INTERNATIONAL WORKSHOP ON OIL DEPLETION Uppsala, Sweden, May 23-25, 2002 Organised by Uppsala University and ASPO,the Association for the Study of Peak Oil |
Building Limited Fossil Energy Supplies into the World
Monetary System
by Richard Douthwaite. My paper will open by telling how the use of fossil energy started to change the way people lived when sea coal, collected on the beaches of Northumberland, began to be shipped to London to be burned to relieve a growing scarcity of fuelwood there caused by the expanding population.. That seemingly harmless step initiated a chain of events which led to increased populations around the world, industrialisation, urbanisation and a massive increase in the complexity of life as measured in terms of the number of different jobs people do or the range of artifacts they produced. The paper will then look at how the economic system which emerged as a result of this increased fossil energy use will have to be modified to cope with a steadily declining fossil fuel output whether this decline is a result of restrictions imposed to slow climate change or because of resource depletion. Historically, there has been a very close link between gross global product and fossil energy use and the current economic system needs to grow continually, consuming increasing amounts of energy, if it is not to collapse. This system will therefore find it very difficult to cope with lower levels of fossil fuel use unless renewable energy sources can not only make up for the decline in fossil fuel production but can also provide the additional energy an expanding economy requires. I will review several studies which suggest that renewables will be inadequate for this task. The paper will argue that the reason the global economy
has to expand each year is primarily due to its debt-based money system.
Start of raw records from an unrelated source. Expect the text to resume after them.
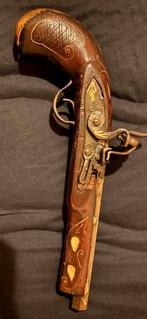 Decoratief pistool, Antiek en Kunst, Ophalen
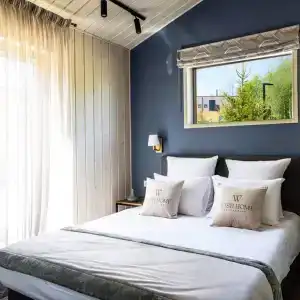 База отдыха Эко-лоджи Wish Home Yahroma - 117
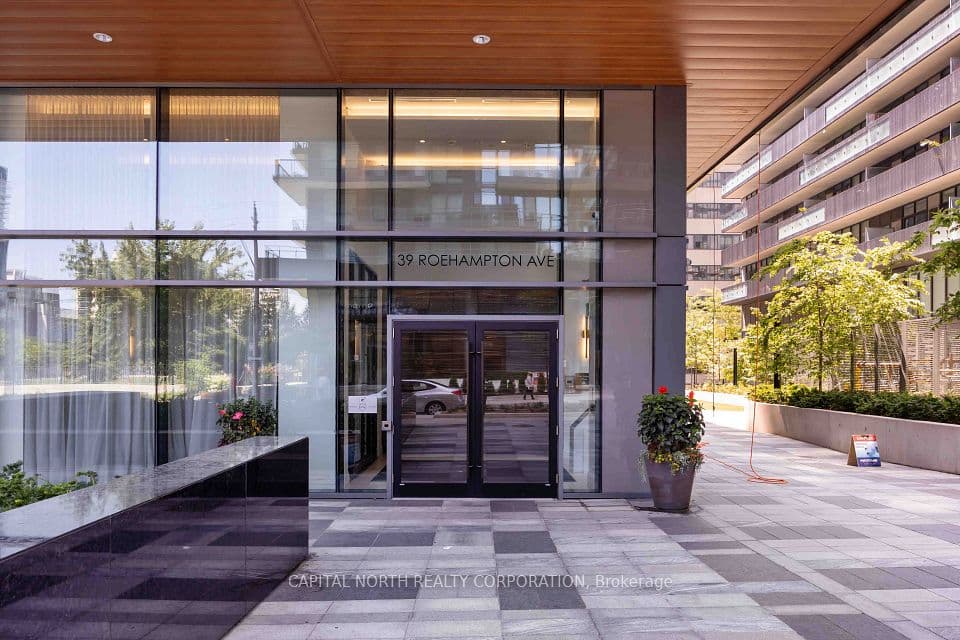 39 Roehampton Avenue 3103, Toronto, ON M4P 0G1 – photo 2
If the economy does not expand, less borrowing is undertaken, the overall
amount of debt falls and the money supply shrinks, causing economic activity
to fall and setting off a positive feedback loop which pushes the economy
deeper and deeper into depression. I will suggest that a non-debt-based
international money system based on carbon dioxide emissions rights would
be the best way of ensuring that the global economy keeps within resource
and environmental constraints, while allowing individual countries and
districts to continue to develop their local economies to the extent that
they are able to do so using renewable sources of power. The paper will
explain how such a system, by limiting world fossil energy demand, would
prevent the oil and gas-producing countries from reaping massive profits
from the growing scarcity. Instead, the financial proceeds of the competition
in international markets to secure the dwindling supplies would be redistributed
on an equitable basis throughout the world.